Systematic reviews are built on the principles of rigor, transparency, and replicability. However, many current AI solutions don’t meet these principles. This risks a surge in unreliable, biased and low-quality reviews.
At Cochrane, we are committed to addressing this challenge with an approach that is measured and responsible. Here, we set out some of the work we are doing to ensure AI is used responsibly in evidence synthesis.
Using AI to support our review authors
Within Cochrane, we have a history of implementing automation solutions in our review process. For example, we have been using machine learning to identify randomized controlled trials since 2016. And we are now investing in the integration of emerging technologies, like generative AI.
We are primed to use AI and automation, thanks to our wealth of high-quality, structured data from systematic reviews and included studies. Recent innovations include:
- dynamic analysis reporting in RevMan, which allows authors to insert live results directly into their reviews while they’re writing and updating them
- a new feature in CENTRAL, our clinical trials database, that flags retracted publications to authors
In the future, we are planning to increase the proportion of reviews supported by Cochrane’s Evidence Pipeline, a service that combines automation and crowd verification to help authors identify relevant studies. In addition, we are leveraging annotations on Patient/Population, Intervention, Comparison, Outcome (PICO) to inform decisions about new intervention review proposals. Alongside the technical advances, we are working on further guidance and training to improve AI literacy across our organization.
Helping to develop guidance
Colleagues in Cochrane are also co-leading RAISE (Responsible AI in Evidence Synthesis), an international initiative to standardize recommendations for responsible AI use in evidence synthesis. In June 2025, RAISE released an updated three-paper collection:
- RAISE 1: Recommendations for practice across roles in the evidence synthesis ecosystem to enhance collaboration and communication
- RAISE 2: Guidance on building and evaluating AI tools
- RAISE 3: Guidance on selecting and using AI tools
Our authors can use AI if it upholds the principles of research integrity. AI and automation must be disclosed, have human oversight, and authors are accountable for the final content. Authors must also justify why they’re using AI and demonstrate that it will not compromise methodological rigor or integrity.
A recent webinar on recommendations and guidance on responsible AI use in evidence synthesis provides more information about RAISE and how Cochrane authors should use it.
Engaging with AI developers
RAISE includes frameworks to guide AI tool developers on how to approach evaluations and clarifies what information they should make public for users. Information on the system itself, clear terms and conditions, evaluations, and details on the strengths, limitations, potential biases, and generalizability are expected to be transparent and publicly available.
Without this, organizations and authors can’t make informed decisions about using an AI tool. We are collaborating with some AI tool developers, such as Covidence, to understand how this could work in practice.
Collaborating with other organizations
Cochrane is part of the AI Methods Group, in collaboration with Campbell, JBI, and the Collaboration for Environmental Evidence. The group is attempting to align the four organization’s’ approaches to implementing responsible AI, and the first step is developing a shared position statement on AI use in systematic reviews. We are also listening to our communities on how to improve AI literacy and support authors and editors.
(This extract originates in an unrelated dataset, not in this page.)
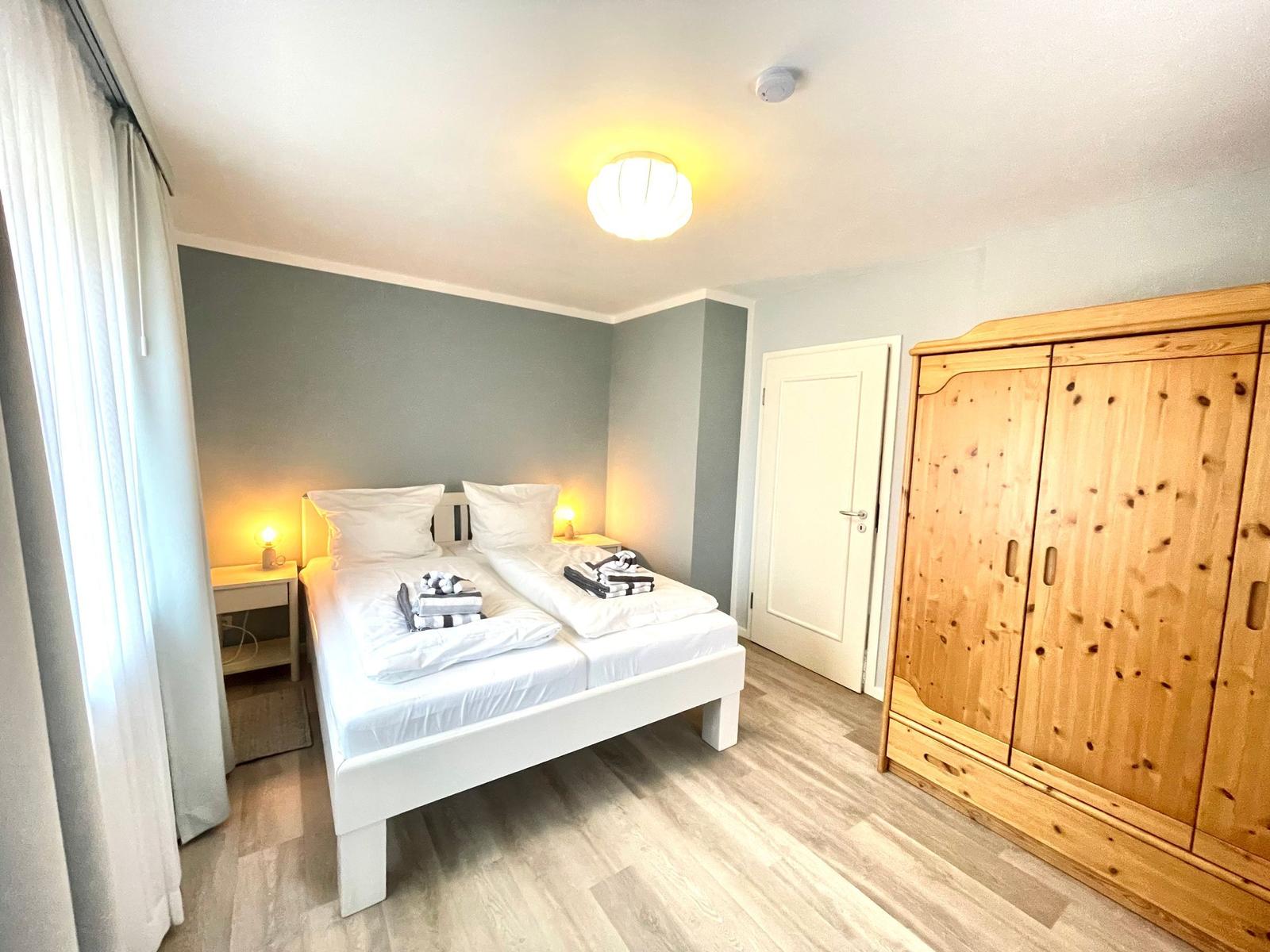 Schlafzimmer mit Doppelbett, Holzschrank und Nachttischen mit Lampen.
We are collaborating in the Wellcome-funded DESTinY project, which focuses on developing AI-driven tools for evidence synthesis in climate and health. Though this work is sector-specific, it serves as a model for exploring how to engage interest-holders, communicate effectively, and embed AI tools across our global network.
Finally, Cochrane is co-leading the Evidence Synthesis Infrastructure Collaborative (ESIC) alongside Campbell and JBI. Also funded by Wellcome, this initiative has developed a roadmap for a global, user-centered evidence synthesis infrastructure, which includes costed solutions for responsible and safe AI. This roadmap is currently under consultation before it’s finalized in July 2025.
Addressing areas of uncertainty
A common question we hear is, “if I use AI in my systematic review, what level of 'correctness' should I aim for?”. Currently, there is no consensus.
We assume humans are 100% accurate, but that's rarely the case due to factors like expertise, experience, and fatigue. This raises important questions. What level of error is acceptable when using AI? And does it change for different types of evidence synthesis?
As part of the DESTinY project, a survey has been launched to understand community expectations. We encourage anyone with an interest in this area to complete the survey by 2 July. This will inform future work and how we build and evaluate the next generation of AI-driven evidence synthesis tools.
In addition, Cochrane Evidence Synthesis and Methods has published the first articles in its AI in evidence synthesis special issue. This brings together papers which bridge the gap between demonstrating AI’s potential and its responsible implementation in evidence synthesis.
Ultimately, our goal is to ensure AI enhances – not replaces – human judgment in the review process. By working on how AI is used within and across the sector, we are committed to making Cochrane evidence more timely, usable, and equitable.